Assessment of the current political scene, by E.R. Schmidt.

Sunday, November 05, 2006

A Good Day

The problem with capital punishment isn't that it's not fair. It's that it's too fair. The responsibility of human beings is to be as just as possible without losing our humanity in the process. The death penalty smacks of ritualized, fetishized premeditated murder. How people can eat hors d'ouvres at American executions is beyond me.

But today, one of the world's great tyrants was sentenced to death, and here's what I absolutely do not want to happen: I don't want people to use the immorality of capital punishment to further lambast what they see as a loud gesture of American imperialism. There are 25 million Iraqis who were going to be free of their torturer regardless of his sentence - who have been free for several years. And they must know in stronger and bolder language than has been provided that the American government has no plans to colonize their country.
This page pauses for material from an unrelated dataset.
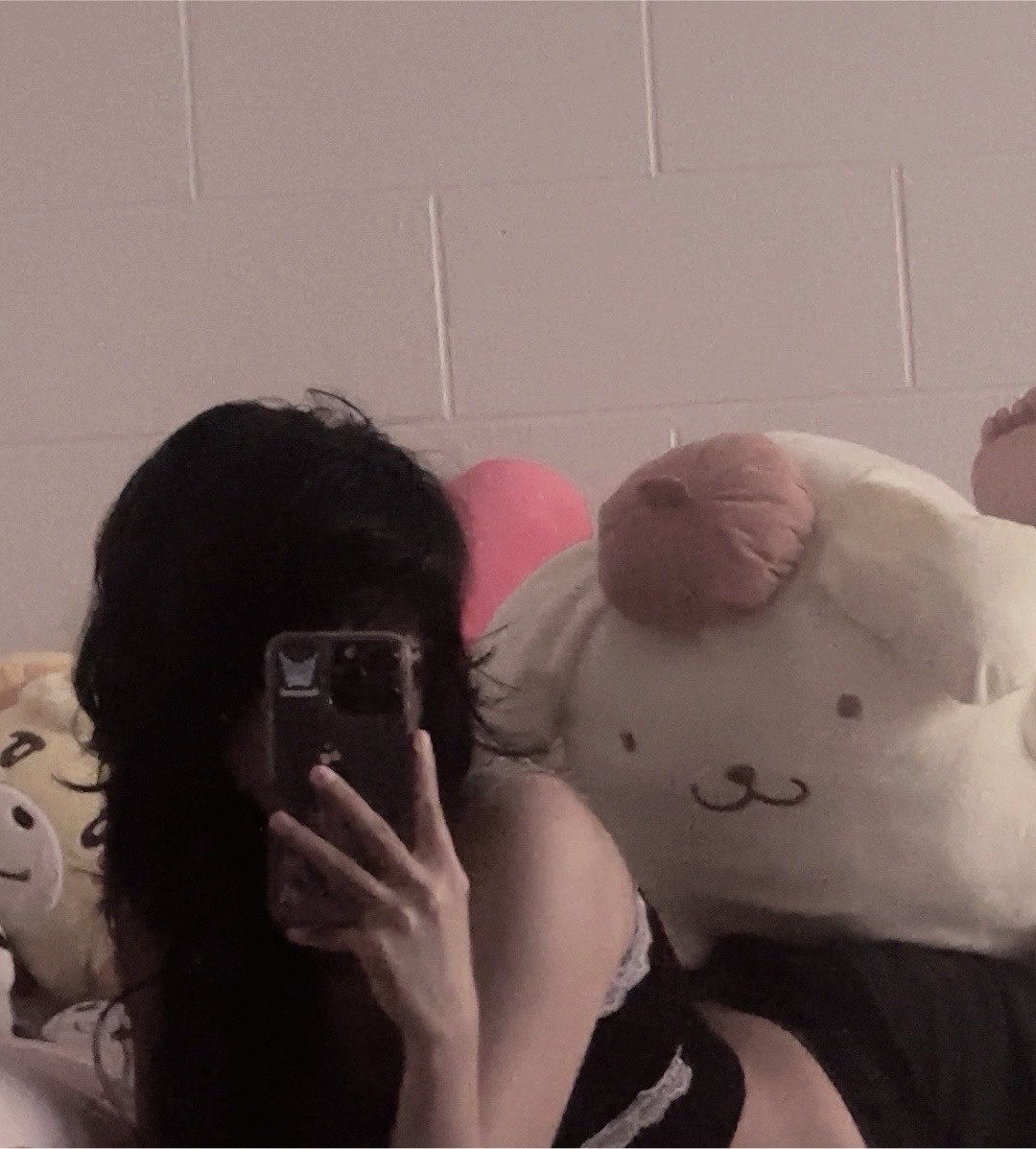nymfoid's tweet photo. old pic i miss my long hair https://t.co/2LR1GIfMJ4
Saddam Hussein will be served with justice. Would I prefer him to spend the rest of his life whithering away in a prison cell, far from his instruments of torture and underground palaces, with no power besides walking (or crawling) across the very small floor space to pick up his dinner? Sure. The worst punishment for Saddam Hussein isn't to be dead. It's to be incomparably pathetic and small. It's to be common and pennyless and unimportant and abandoned only to memories of sadism. As it happens, the man has at most several months of consciousness (factoring in the appeals process) in front of him before he enters the abyss. There should have been many, many more. But it wasn't going to happen. And I'll go out on a very reasonable wing and say this is a good day no matter what. There are children dancing in the street in marvelous mockery of their former leader, who could not have done that a decade before. The incompetence of those who orchestrated and orchestrate the war in Iraq can (and should) be discussed tomorrow and for many days after. But this is their day, and I'm glad they can't hear the cynicism already being leveled at these proceedings.